Nicaraguan Catholic priest, poet, and politician (1925-2020)

Ernesto Cardenal Martínez (20 January 1925 – 1 March 2020) was a Nicaraguan Catholic priest, revolutionary, poet, and politician. He was a liberation theologian and the founder of the primitivist art community in the Solentiname Islands, where he lived for more than ten years (1965–1977). A former member of the Nicaraguan Sandinistas, he was Nicaragua's minister of culture from 1979 to 1987. He was prohibited from administering the sacraments in 1984 by Pope John Paul II, but rehabilitated by Pope Francis in 2019.

==Early life==
Cardenal was born into an upper-class family in Granada, Nicaragua. He studied at Colegio Centro América in Nicaragua. One of his brothers was fellow priest Fernando Cardenal. A first cousin of the poet Pablo Antonio Cuadra, Cardenal studied literature in Managua and then from 1942 to 1946 in Mexico and from 1947 to 1949 in New York City. In 1949 and 1950, he traveled through Italy, Spain and Switzerland.
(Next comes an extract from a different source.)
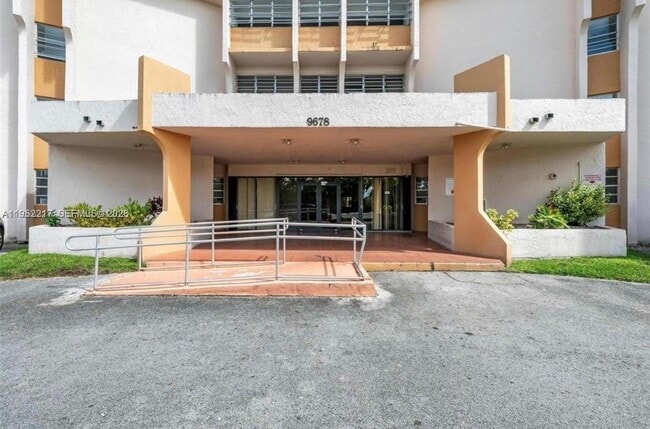 Building Photo - 9678 Fontainebleau Blvd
In July 1950, he returned to Nicaragua, where he participated in the 1954 April Revolution against Anastasio Somoza García's regime. The coup d'état failed and ended with the deaths of many of his associates. After a deep mystical experience that Cardenal had on June 2, 1956, in 1957 he entered the Trappist Monastery of Gethsemani (Kentucky, United States), joining another poet-priest, Thomas Merton, who was the master of novices; but in 1959, he left to study theology in Cuernavaca, Mexico.

==Priesthood==
Cardenal was ordained a Catholic priest in 1965 in Granada. He went to the Solentiname Islands, where he founded a Christian, almost-monastic, mainly-peasant community, which eventually led to the founding of the artists' colony. The colony engaged with painting as well as sculpture and was visited many times by artists and writers of the region such as Willarson Brandt, Julio Cortázar, Asilia Guillén, and Aedes Margarita. It was there that the famous book El Evangelio en Solentiname (The Gospel in Solentiname) was written. Cardenal collaborated closely with the leftist Frente Sandinista de Liberación Nacional (Sandinista National Liberation Front, or FSLN) in working to overthrow Anastasio Somoza Debayle's regime.

==Nicaraguan Revolution==
Many members of the Solentiname community engaged in the revolutionary process through guerrilla warfare that the FSLN had developed to strike at the regime. The year 1977 was crucial to Cardenal's community, when Somoza's National Guard, as a result of an attack to the headquarters stationed in the city of San Carlos a few kilometres from the community, raided Solentiname and burned it to the ground. Cardenal fled to Costa Rica.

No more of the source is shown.